Wednesday, August 2, 2017
The suggestion to live together as a “trial run” before marriage is common advice, but it is also misleading. Sure, you may learn more about each other by cohabitating, but it doesn’t ensure that your relationship – or marriage – will last. There are at least a couple of other arguably more important factors to consider.
One such factor is age. According to a 2014 study by the council on Contemporary Families, age is more important in determining whether couples divorce than whether they cohabitated before marriage. Younger people are less likely to choose a good partner for themselves. Or, if they do choose a suitable partner, the relationship might not last because the couple changes and grows apart as they mature. More specifically, the study showed couples that marry or move in together at eighteen years old had a sixty percent divorce rate while those who did so after age twenty-three had only a thirty percent divorce rate.
That said, common sense tells us that personal growth cannot be tied to any particular age. Individuals mature at different rates, and so it is important to consider whether you need to have more personal growth before you feel stable within yourself and are ready to commit to a relationship. Also, there are different times in life when people grow personally or need to attend more to themselves. In these situations, they would do best to wait on making a commitment. For example, after the loss of a spouse or breakup of a serious relationship, people often need time to grieve before they are ready to commit again.
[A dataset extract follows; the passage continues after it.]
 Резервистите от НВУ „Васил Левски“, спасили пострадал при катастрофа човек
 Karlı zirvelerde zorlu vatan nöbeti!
It’s also not uncommon for different life transitions – such as retirement – to prompt people to reassess themselves and what they want from their relationships.
Another key factor that affects the health of relationships is the commitment of both people to them. Whether you are going to cohabitate before marrying or not, the commitment you each have to the relationship affects the likelihood of remaining together. In addition, couples that live together with the intent to marry do well compared to other unmarried couples, including those who live together without the intent to have a long-term commitment.
There is no clear research that shows living together before marriage has either positive or negative effects on staying married. So it’s probably best to work with your partner to figure out the best route for yourselves. But as you think through this decision, consider your stage of life, whether you are settled enough in yourself to make a commitment, and whether you and your partner are ready to commit to each other. It’s not so much whether you cohabitate before marriage that improves the chances of your relationship surviving, but rather how and when you come to that decision.